◆ Exercise brief:
Tally the lines in the material below that hold the string "Figure" and report the tally alone.

◆ Data extracts:
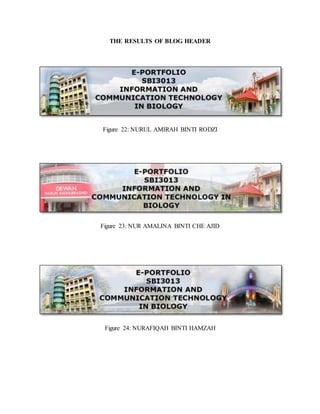 THE RESULTS OF BLOG HEADER
Figure 22: NURUL AMIRAH BINTI RODZI
Figure 23: NUR AMALINA BINTI CHE AJID
Figure 24: NURAFIQAH BINTI HAMZAH
 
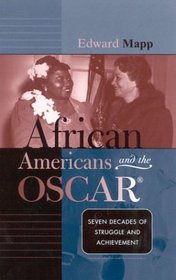 African Americans and the Oscar: Seven Decades of Struggle and Achievement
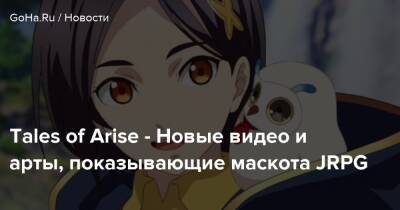 Tales of Arise - Новые видео и арты, показывающие маскота JRPG - goha.ru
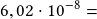 6,02\cdot10^{-8}=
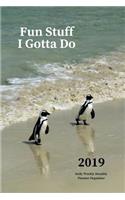 Fun Stuff I Gotta Do 2019 Daily Weekly Monthly Planner Organizer: Schedule Events, Goals and Things to Do - Medium Sized Agenda Notebook with Penguins on the Beach Cover Design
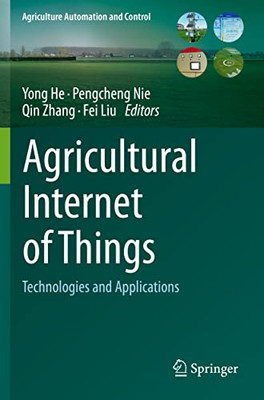 Agricultural Internet Of Things: Technologies And Applications (Agriculture Automation And Control)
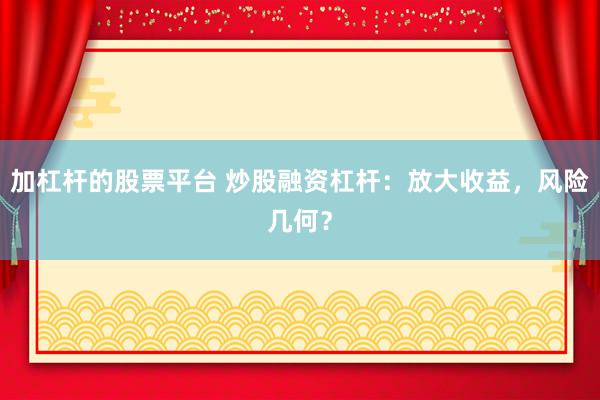 加杠杆的股票平台 炒股融资杠杆:放大收益,风险几何?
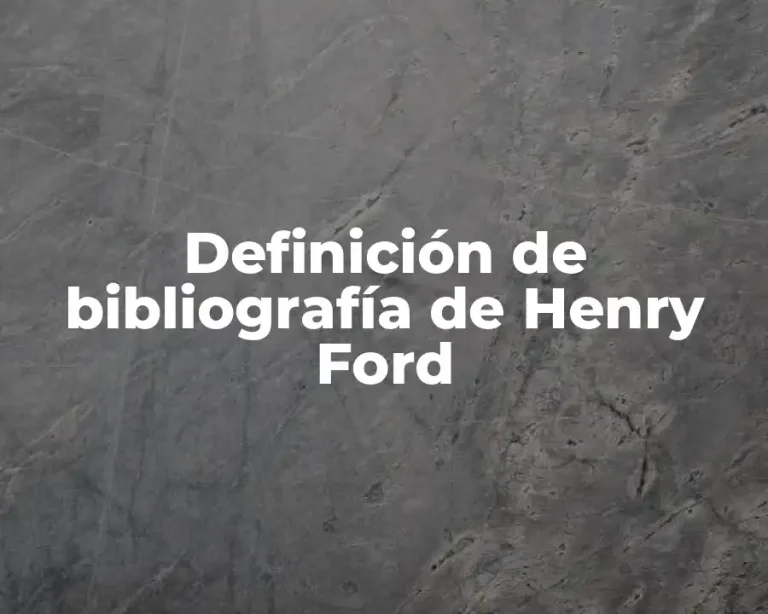 Definición de bibliografía de Henry Ford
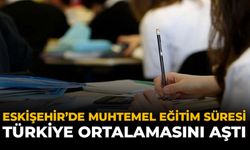 Eskişehir’de Muhtemel Eğitim Süresi Türkiye Ortalamasını Aştı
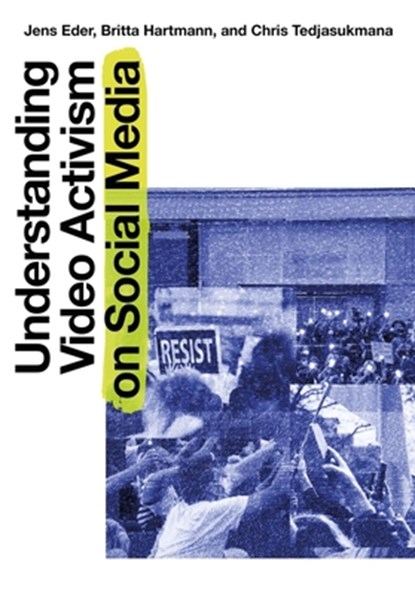 Understanding Video Activism on Social Media, Jens Eder ; Britta Hartmann ; Chris Tedjasukmana - Paperback - 9781835950838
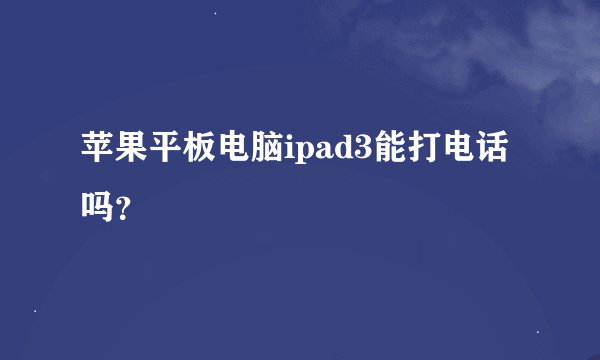 苹果平板电脑ipad3能打电话吗?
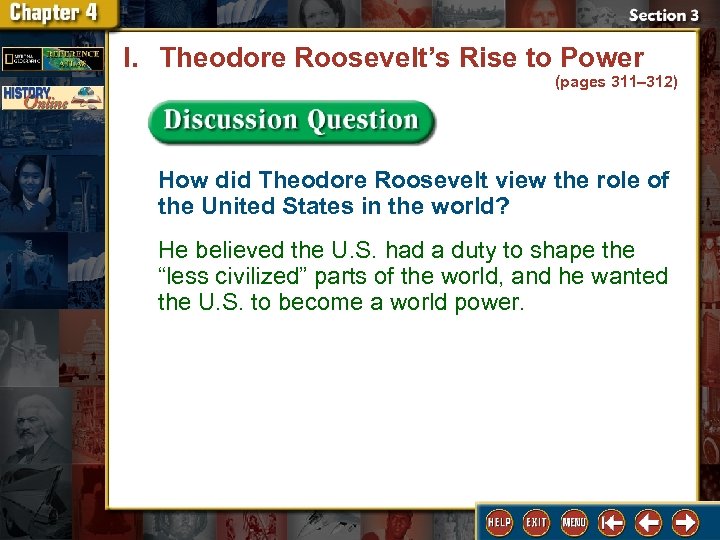 I. Theodore Roosevelt’s Rise to Power (pages 311– 312) How did Theodore Roosevelt view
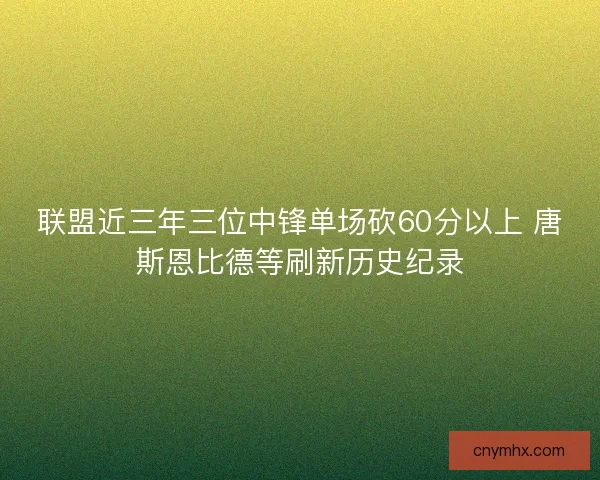 联盟近三年三位中锋单场砍60分以上 唐斯恩比德等刷新历史纪录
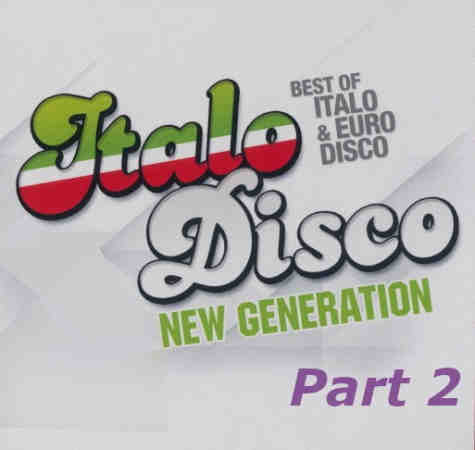 New Generation Of Italo & Euro Disco part 2 (2021) торрент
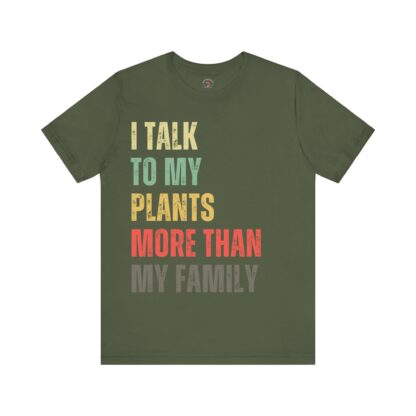 I Talk to My Plants More Than My Family - Unisex Tee - Image 5
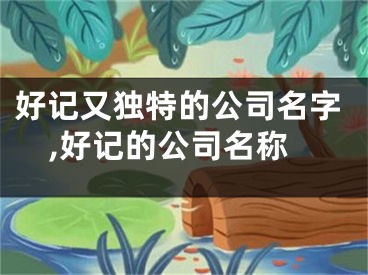 好记又独特的公司名字,好记的公司名称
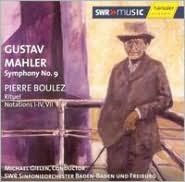 Title: Mahler: Symphony No. 9; Boulez: Rituel; Notations I-IV, VII, Artist: Michael Gielen
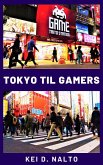 Tokyo Til Gamers (eBook, ePUB)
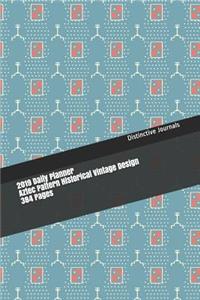2019 Daily Planner Aztec Pattern Historical Vintage Design 384 Pages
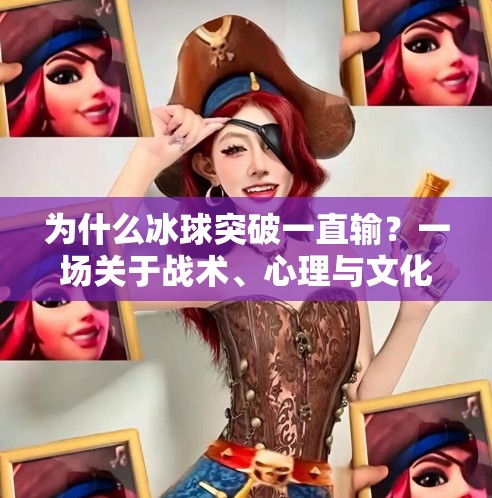 为什么冰球突破一直输？一场关于战术、心理与文化的深度解码,为什么冰球 突破一直输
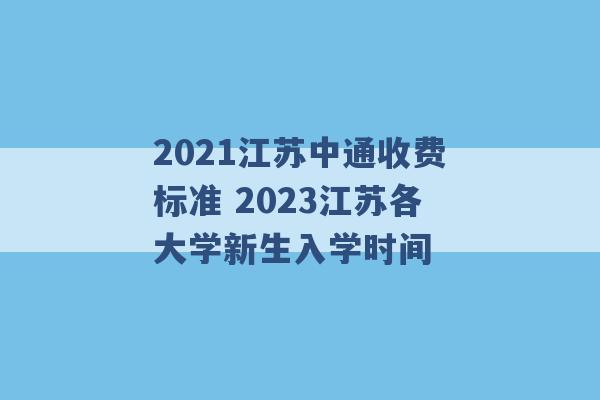 2021江苏中通收费标准 2023江苏各大学新生入学时间 -第1张图片-电信联通移动号卡网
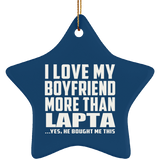 I Love My Boyfriend More Than Lapta - Star Ornament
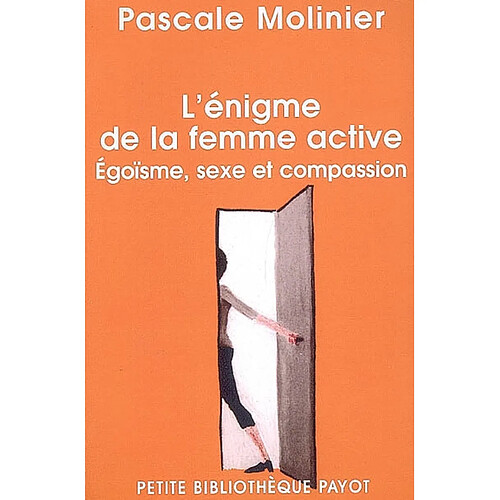 L'énigme de la femme active : égoïsme, sexe et compassion · Occasion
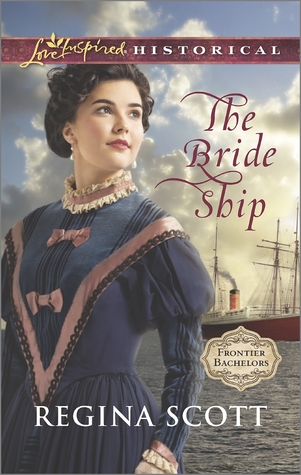 The Bride Ship (Frontier Bachelors, #1)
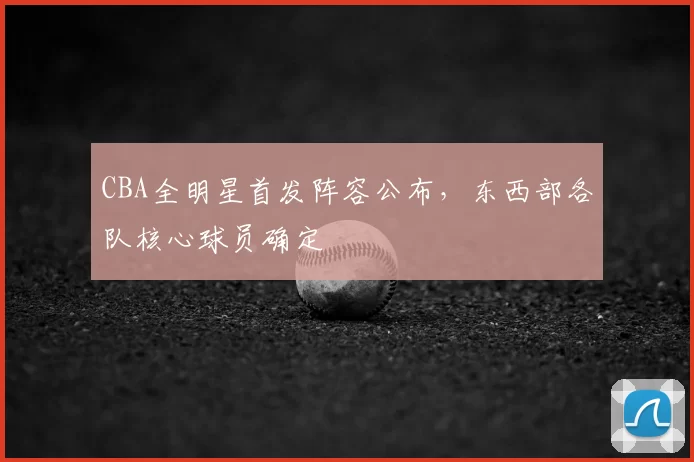 CBA全明星首发阵容公布,东西部各队核心球员确定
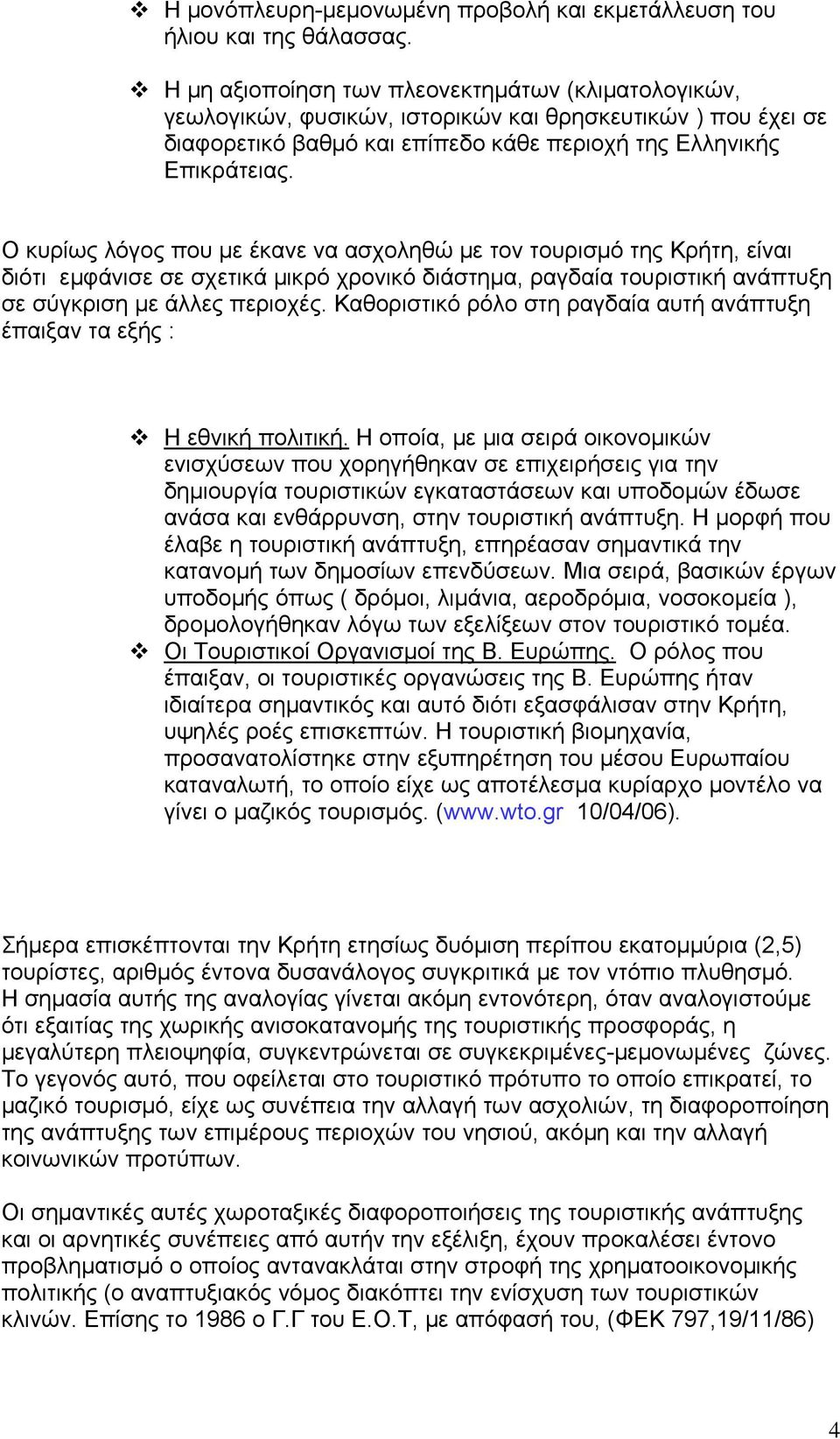 Ο κυρίως λόγος που με έκανε να ασχοληθώ με τον τουρισμό της Κρήτη, είναι διότι εμφάνισε σε σχετικά μικρό χρονικό διάστημα, ραγδαία τουριστική ανάπτυξη σε σύγκριση με άλλες περιοχές.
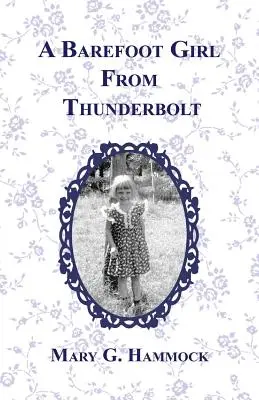 Una chica descalza de Thunderbolt - A Barefoot Girl from Thunderbolt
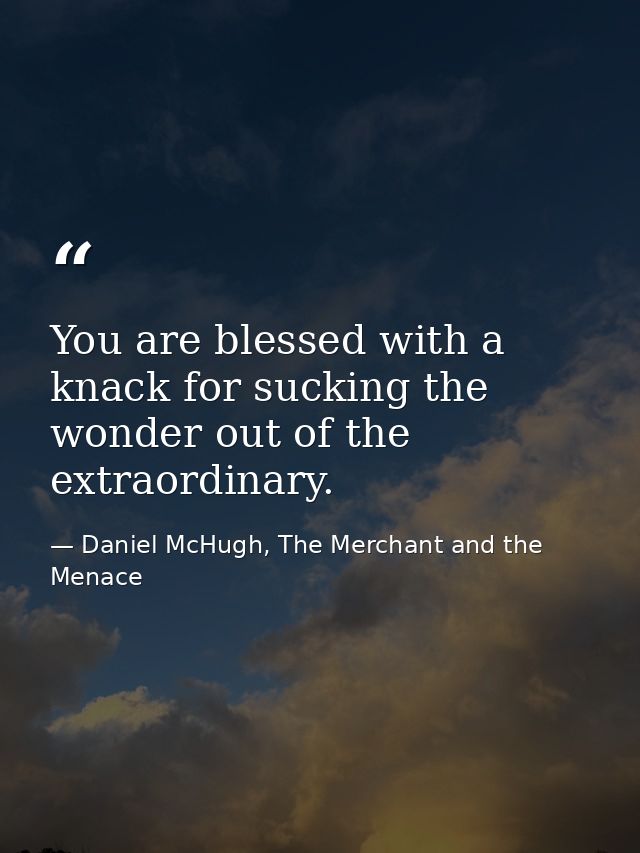 You are blessed with a knack for sucking the wonder out of the extraordinary. — Daniel McHugh, The Merchant and the Menace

◆ Response:
3